冬寒一过,春日也就触手可及了。
虽说还是冷,但明显的能察觉到浮暖、万物生长的迹象,楼下的枝丫都冒出了新叶子。
这个报社的工作整体算是符合程恩骄预期,度过了那个忙的劲头,剩下的就是审稿、改稿,忙起来是真忙,不忙的时候也很清闲。
中午程恩骄简单的吃了几口,下午报社总编辑告诉他这阵忙完了,可以调整两天。程恩骄这时也接到了成少天的电话,那人玩了一个悠闲的寒假,此时还乐不思蜀着,无心工作,于是约着程恩骄晚上出来吃饭。
成少天是知道自己好兄弟已经脱单,但还没正式见到人,电话里话里话外都催促着念叨要见嫂子。
“什么嫂子。”程恩骄重复了一遍那个称谓,自己挺喜欢,觉得很亲近也很暧昧,但不知道苏填因会不会介意,叮嘱道:“见面可以,见了面你可别瞎说,就叫他名字。”
成少天“啧”一声,“这我还不知道吗。”他笑了笑,“某人花大精力追来的,我可不敢冒犯。”

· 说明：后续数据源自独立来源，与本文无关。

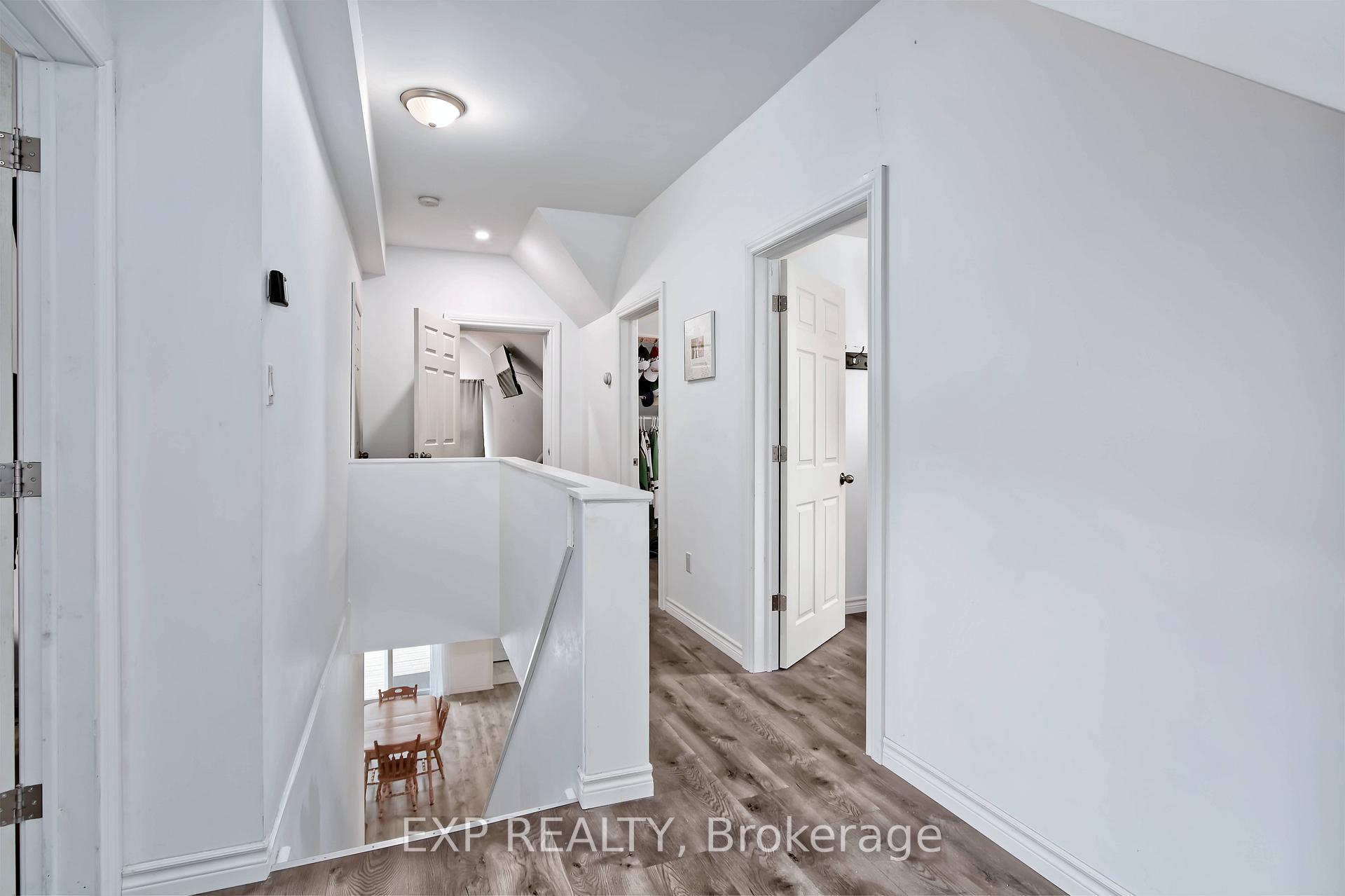 Photo 22 of 183 King Street, North Huron, Blyth — HOMEH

程恩骄就也笑,回想起那个时候追人的想法,确实有些操之过急,依照苏填因那性子,当真是把人逼到绝境了。
正准备反思一下,又被一连串的振动打岔了思绪。
他拿起手机看了眼,发现是表妹程琪琪发来的消息。
程恩骄有些纳闷,表妹搬走之后不太熟的、混着程恩骄自己都分不清的亲戚关系的两个人就没有什么联系。
如果不是前面回家一趟看到了表妹,还有点印象,手机蹦出来的联系人名字就能让他楞上好一会儿。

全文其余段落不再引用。